START Materials provided

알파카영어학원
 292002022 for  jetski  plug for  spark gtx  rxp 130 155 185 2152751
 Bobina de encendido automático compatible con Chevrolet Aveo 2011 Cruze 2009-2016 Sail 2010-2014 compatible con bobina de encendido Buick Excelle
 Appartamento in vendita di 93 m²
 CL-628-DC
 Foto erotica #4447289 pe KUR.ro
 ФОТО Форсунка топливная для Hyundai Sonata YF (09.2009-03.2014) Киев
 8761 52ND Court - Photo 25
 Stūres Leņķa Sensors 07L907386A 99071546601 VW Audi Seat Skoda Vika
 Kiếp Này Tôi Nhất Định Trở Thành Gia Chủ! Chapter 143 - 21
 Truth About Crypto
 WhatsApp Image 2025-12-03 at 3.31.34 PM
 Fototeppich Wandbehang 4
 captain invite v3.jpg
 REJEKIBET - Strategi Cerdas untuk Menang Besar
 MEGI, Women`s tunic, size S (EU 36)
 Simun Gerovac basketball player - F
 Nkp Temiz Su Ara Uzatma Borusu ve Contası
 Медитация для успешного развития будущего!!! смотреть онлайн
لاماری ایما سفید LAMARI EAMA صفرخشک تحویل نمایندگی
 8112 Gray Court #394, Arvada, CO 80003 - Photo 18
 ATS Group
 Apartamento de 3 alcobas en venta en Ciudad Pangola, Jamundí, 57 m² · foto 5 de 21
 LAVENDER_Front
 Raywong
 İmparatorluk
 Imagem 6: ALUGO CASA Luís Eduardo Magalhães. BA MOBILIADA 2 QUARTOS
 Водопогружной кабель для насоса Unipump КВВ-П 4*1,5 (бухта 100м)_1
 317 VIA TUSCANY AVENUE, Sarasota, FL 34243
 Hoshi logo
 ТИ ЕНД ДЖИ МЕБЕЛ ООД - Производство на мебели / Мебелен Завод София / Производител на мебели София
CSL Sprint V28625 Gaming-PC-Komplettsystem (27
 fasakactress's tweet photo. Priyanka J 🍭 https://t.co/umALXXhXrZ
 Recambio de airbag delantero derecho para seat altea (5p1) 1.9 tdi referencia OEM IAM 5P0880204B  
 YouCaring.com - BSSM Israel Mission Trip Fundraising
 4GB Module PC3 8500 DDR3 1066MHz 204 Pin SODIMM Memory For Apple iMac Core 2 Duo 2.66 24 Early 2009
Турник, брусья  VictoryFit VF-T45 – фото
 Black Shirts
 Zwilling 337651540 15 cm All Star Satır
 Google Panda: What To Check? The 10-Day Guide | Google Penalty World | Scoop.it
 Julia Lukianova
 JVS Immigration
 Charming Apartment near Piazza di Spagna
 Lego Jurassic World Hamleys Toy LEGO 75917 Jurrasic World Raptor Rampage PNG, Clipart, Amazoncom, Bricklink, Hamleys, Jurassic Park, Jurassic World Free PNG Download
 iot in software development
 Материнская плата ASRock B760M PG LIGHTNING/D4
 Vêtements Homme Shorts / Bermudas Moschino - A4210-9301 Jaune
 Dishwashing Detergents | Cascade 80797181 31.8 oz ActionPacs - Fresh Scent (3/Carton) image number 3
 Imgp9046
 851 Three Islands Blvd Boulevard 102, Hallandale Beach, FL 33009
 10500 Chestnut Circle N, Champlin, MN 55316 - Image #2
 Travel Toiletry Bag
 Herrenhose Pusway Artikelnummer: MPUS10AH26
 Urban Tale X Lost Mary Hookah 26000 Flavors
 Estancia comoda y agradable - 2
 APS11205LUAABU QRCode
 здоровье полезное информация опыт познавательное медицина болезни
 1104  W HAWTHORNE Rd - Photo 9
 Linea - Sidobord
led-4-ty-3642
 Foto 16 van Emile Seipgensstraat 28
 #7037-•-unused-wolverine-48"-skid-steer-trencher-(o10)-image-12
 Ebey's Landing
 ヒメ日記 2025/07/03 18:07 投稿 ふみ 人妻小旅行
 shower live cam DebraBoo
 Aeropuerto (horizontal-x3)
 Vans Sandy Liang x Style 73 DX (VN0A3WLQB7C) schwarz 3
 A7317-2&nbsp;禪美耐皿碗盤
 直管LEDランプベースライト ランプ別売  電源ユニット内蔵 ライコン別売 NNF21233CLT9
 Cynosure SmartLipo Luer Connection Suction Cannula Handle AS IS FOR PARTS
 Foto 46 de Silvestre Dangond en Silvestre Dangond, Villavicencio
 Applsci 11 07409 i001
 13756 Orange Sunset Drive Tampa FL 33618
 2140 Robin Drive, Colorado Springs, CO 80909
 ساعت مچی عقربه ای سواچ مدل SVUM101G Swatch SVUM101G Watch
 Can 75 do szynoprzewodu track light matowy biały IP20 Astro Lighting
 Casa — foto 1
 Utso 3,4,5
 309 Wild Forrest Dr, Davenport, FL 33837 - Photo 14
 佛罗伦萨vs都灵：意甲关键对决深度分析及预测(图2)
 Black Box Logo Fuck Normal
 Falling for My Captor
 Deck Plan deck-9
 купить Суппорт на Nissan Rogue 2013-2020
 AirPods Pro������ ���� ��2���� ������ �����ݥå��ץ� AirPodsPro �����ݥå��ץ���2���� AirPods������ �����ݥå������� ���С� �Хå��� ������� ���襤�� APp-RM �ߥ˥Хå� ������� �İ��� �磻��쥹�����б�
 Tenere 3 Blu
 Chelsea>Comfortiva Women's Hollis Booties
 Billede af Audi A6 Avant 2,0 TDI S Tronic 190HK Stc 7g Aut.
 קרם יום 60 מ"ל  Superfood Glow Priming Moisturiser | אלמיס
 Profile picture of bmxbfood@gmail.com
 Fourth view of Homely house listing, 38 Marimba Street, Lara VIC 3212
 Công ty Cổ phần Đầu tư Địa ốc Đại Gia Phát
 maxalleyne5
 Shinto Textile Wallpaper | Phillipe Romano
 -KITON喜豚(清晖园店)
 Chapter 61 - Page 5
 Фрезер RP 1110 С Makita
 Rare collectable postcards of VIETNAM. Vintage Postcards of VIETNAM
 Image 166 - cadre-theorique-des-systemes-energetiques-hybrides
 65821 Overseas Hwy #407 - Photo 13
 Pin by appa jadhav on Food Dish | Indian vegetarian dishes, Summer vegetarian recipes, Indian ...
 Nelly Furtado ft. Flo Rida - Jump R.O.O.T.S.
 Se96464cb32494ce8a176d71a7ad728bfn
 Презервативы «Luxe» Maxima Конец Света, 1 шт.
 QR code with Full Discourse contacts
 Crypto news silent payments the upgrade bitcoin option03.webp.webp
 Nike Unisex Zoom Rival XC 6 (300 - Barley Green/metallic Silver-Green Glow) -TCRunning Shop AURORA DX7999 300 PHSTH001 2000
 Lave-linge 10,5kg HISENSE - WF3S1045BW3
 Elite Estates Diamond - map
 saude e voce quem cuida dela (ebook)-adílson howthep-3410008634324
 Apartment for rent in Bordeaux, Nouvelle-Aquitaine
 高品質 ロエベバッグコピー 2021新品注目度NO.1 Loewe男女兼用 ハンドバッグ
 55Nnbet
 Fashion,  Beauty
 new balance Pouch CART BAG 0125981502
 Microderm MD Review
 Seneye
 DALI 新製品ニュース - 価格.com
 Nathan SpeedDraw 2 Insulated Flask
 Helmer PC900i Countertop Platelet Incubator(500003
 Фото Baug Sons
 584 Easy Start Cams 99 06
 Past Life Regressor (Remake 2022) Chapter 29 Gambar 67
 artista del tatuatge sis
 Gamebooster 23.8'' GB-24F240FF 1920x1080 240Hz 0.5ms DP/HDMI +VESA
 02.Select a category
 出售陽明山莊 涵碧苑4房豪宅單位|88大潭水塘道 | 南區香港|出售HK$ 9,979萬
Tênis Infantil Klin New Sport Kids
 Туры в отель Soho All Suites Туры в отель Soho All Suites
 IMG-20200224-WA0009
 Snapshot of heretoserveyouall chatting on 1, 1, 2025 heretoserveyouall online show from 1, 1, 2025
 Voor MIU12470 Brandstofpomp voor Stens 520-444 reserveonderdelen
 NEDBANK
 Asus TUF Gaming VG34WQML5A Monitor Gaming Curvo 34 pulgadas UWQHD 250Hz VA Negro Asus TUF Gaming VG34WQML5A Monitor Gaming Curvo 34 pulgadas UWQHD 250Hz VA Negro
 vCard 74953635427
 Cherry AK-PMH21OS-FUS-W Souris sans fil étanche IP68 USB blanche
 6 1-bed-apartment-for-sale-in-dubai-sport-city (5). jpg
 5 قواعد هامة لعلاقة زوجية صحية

END Materials provided

> **Exercise description**:
Starting at the top of the data above, repeat every line exactly until the line containing "Foto erotica #4447289 pe KUR.ro" has been given, then stop.

> **Result**:
알파카영어학원
 292002022 for  jetski  plug for  spark gtx  rxp 130 155 185 2152751
 Bobina de encendido automático compatible con Chevrolet Aveo 2011 Cruze 2009-2016 Sail 2010-2014 compatible con bobina de encendido Buick Excelle
 Appartamento in vendita di 93 m²
 CL-628-DC
 Foto erotica #4447289 pe KUR.ro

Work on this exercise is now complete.